Network Data Source | pcaps |
Network Data Labeled | Yes |
Host Data Source | - |
Host Data Labeled | - |
Overall Setting | Enterprise IT |
OS Types | Undisclosed |
Number of Machines | 2000+ |
Total Runtime | n/a |
Year of Collection | 2004-2010 |
Attack Categories | Botnets (Storm, Waledac) |
Benign Activity | Real users |
Packed Size | 3 GB |
Unpacked Size | 10,6 GB |
Download Link | goto |
Overview
The ISOT Botnet dataset is an amalgamation of several individual datasets, two containing malicious botnet traffic, and five datasets consisting of benign traffic. Malicious data was taken from the “French Chapter” of the Honeynet project, while (anonymized) benign traces come from the LBNL Enterprise Trace Repository. The combination of these traces, after some preprocessing to make them appear as if they would stem from the same network, are then used to test several botnet detection methods leveraging network behavior analysis and machine learning. However, we were unable to find any information regarding the source of malicious traces, as linked pages no longer exist and further search remained fruitless.
Environment
The merged dataset contains traces from 23 individual subnets, 22 with only benign traffic (stemming from the LBNL traces) and one with both malicious and benign traffic (merged traffic from both sources). The IPs of the latter subnet can be obtained from Table 2 of the linked documentation. Information regarding services, operating systems and so on are not available.
Activity
Details regarding activity are not available; there might be some additional information hidden in LBNL publications, but we consider this to be out of scope.
Contained Data
As a first step to merge benign and malicious traces, the IP addresses of infected machines were mapped to two of the machines providing benign background traffic.
Then, the authors used to the TcpReplay
tool to replay all traces on the same network interface in order to homogenize the network behavior shown by individual datasets.
These traces are simply available in the form of a single large pcap file with 1,675,424 unique flows, of which 3.33% are malicious.

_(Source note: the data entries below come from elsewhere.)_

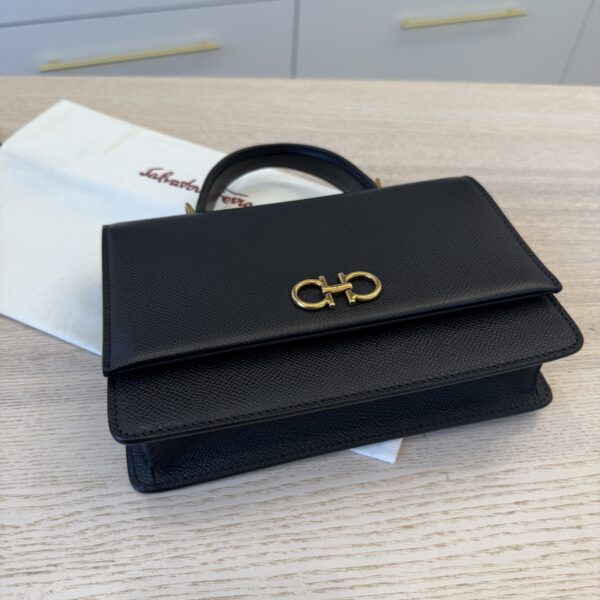 Salvatore Ferragamo Gancini Black Top Handle Crossbody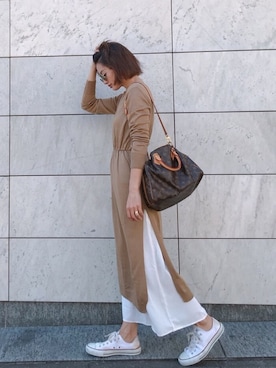 「Vicente（ヴィセンテ）のEarth color maxiワンピース（ワンピース）」を使った、黒木 ナツミ🦋さん（レディース・162cm）の秋コーディネート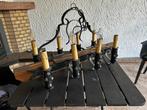 Antieke IJzeren Lamp met Houten Balk & Kaarsen, Huis en Inrichting, Lampen | Hanglampen, Ophalen, Gebruikt, Hout, Minder dan 50 cm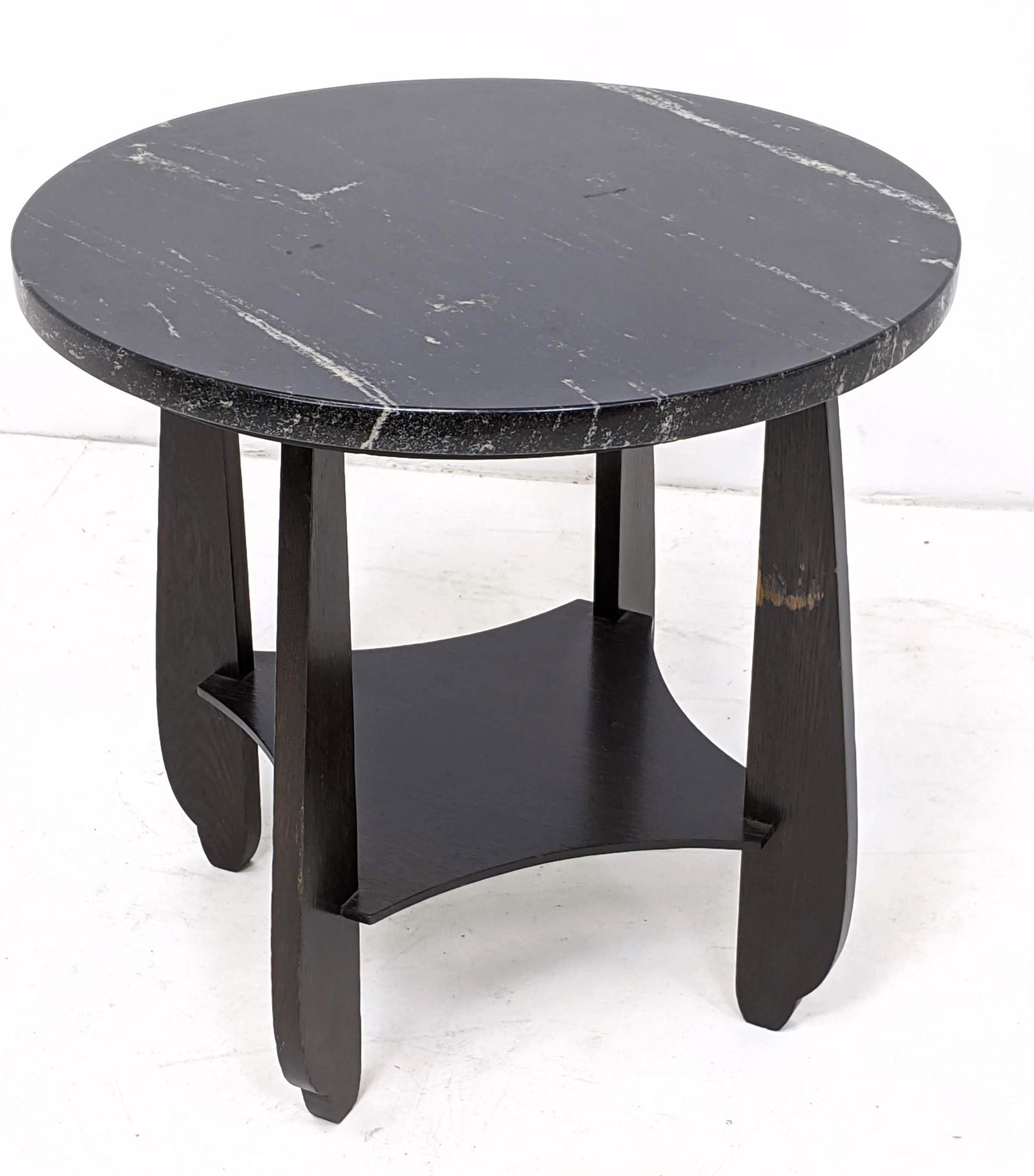 Art Deco Style Round Marble Top Side End Table. (1 of 10)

Labels are available via malicious traffic having a specific MAC, as per Table 2 of the linked documentation.
It should be noted that the application of methods based on machine learning on merged datasets bears some additional risks; researchers must ensure that results are not a byproducts of anomalies that remained after the merging process, which might not actually be caused by the malicious behavior, but rather the simple fact that these traces stem from separate environments.